For the last five years, Norm has been employed as the Parish Property Officer, an invaluable asset to the Parish Team. He has looked after, maintained, and overseen the upkeep and improvements made to the parish’s various buildings and surrounds. Norm has seen many changes take place in parish life over the years and recalls the unification process of three parishes into the one parish of Bundaberg in 2007 and the sale of Kepnock Grove (now Carinity) in 2010 as two of the major achievements of the Finance Committees of the time. Although retired from an employed position on the Team, Norm will continue to chair the Finance Committee, after he has a well-deserved holiday.

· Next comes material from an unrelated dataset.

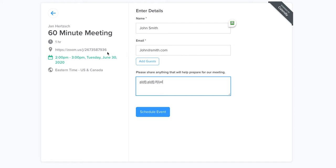You're going to get an invitation to the meeting. It'll come back with the Zoom meeting attached. Then you simply schedule the event, 2 o'clock Eastern Time. That will show up of course at noon my time because I'm on Mountain Time.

He looks forward to a slower pace of life, time with his family and friends, and travelling to parts of Australia yet to be explored. Well done, good and faithful servant.
Farewell to Joan Smith
Every parish has their local heroes. On Monday, 10th July, the Bundaberg parish farewelled one of its well-known quiet achievers, Mrs Joan Smith, wife of Roy and mother to nine children. The family paid tribute to their mother in a Funeral Mass, led by Fr John Daly and assisted by Fr Terry Stallard.

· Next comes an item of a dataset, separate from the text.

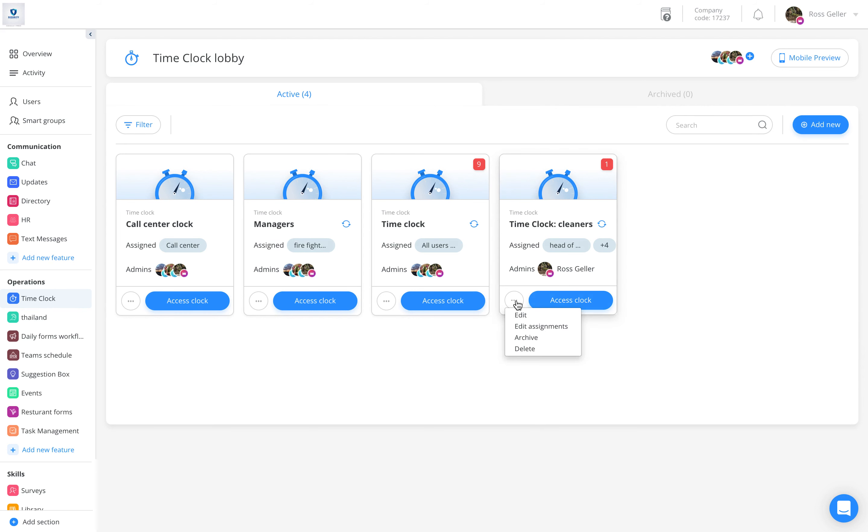Once clicking here, the drop-down will appear. Hover your mouse and click on Edit Assignments.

Joan was a colourful woman, a woman of many talents which she willingly shared with her family, friends and the wider community, as far away as Papua New Guinea. She was a faithful lady, and in the words of Fr John, “a good and hope-filled lady. Joan has experienced the gift of years, 91 of them. Those years have been very full – full of family, of faith, of work, of study, of faithfulness, of life, of love of God and others, of caring with Roy for people in Papua New Guinea, full of goodness.”
In 2012 Joan wrote an account of hers and Roy’s missionary work in PNG, which I share now with you all. It is an inspiration and an example of God’s grace in action. Joan’s good works continued through the work of the Shalom College St Vincent de Paul group.

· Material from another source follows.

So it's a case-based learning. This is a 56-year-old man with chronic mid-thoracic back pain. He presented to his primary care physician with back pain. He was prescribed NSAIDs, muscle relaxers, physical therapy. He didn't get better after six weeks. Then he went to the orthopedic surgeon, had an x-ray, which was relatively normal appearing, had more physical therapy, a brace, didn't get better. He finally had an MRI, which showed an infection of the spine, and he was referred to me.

Roy and I both retired at the end of 1997 and wondered what we would do with our time. In 1998 Sr Mary Stallard met up with her brother, Br Vince Stallard, who taught at St Benedict’s Teachers College in Wewak, PNG. Bro Vin needed a librarian to upgrade the library at the college. Sr Mary said: “Our (Shalom) librarian has retired. She will go.” Thanks to Sr Mary our life changed and we discovered PNG.
Our first visit made us realize what Australia, the Lucky Country, meant. The books in the library were cast-offs from Australian libraries some 20 years outdated. Clothes were mostly secondhand or older. Toys were banana leaves rolled up into balls etc. So began our PNG projects and because the people in Bundaberg and the schools have been so generous the project has been successful.
In 2005 we were invited to stop off in Port Moresby on our way home and stay at Don Bosco Technical Institute to meet the street kids. At the time there were an estimated 900 children at risk. These children did not know about Christmas and gifts were unheard of. Once again we learned about the wonderful generosity of the Bundaberg people, especially the parishioners of the Catholic community.
We were donated a lot of material and after calling for sewers, 12 ladies volunteer to sew. In 2011 we had over 200 outfits made and some of these amazing ladies had continued to sew throughout the year ready for our 2012 Christmas donations. A few businesses in Bundaberg have been generous with toys and the tennis clubs have donated numerous tennis balls so the children no longer need to roll banana leaves into balls.
This year (2012) we are sending our pallets to a different organisation as Don Bosco Technical Institute is unable to continue at Christmas time. A new organisation, founded by Fr John Glynn, known as “WeCare – the Foundation for Women and Children at Risk” now receives our support. Br Gerry Buzolic who taught here over 25 years ago and who now teaches at a Teachers College in Port Moresby had recommended this organisation so we were happy to have them help us with the distribution of clothes and toys at their Christmas party on 1st December, 2012.
Once again we thank all the people who have helped us to make life better in PNG. Without your support we could not help these lovely people. God’s grace and blessing to you all.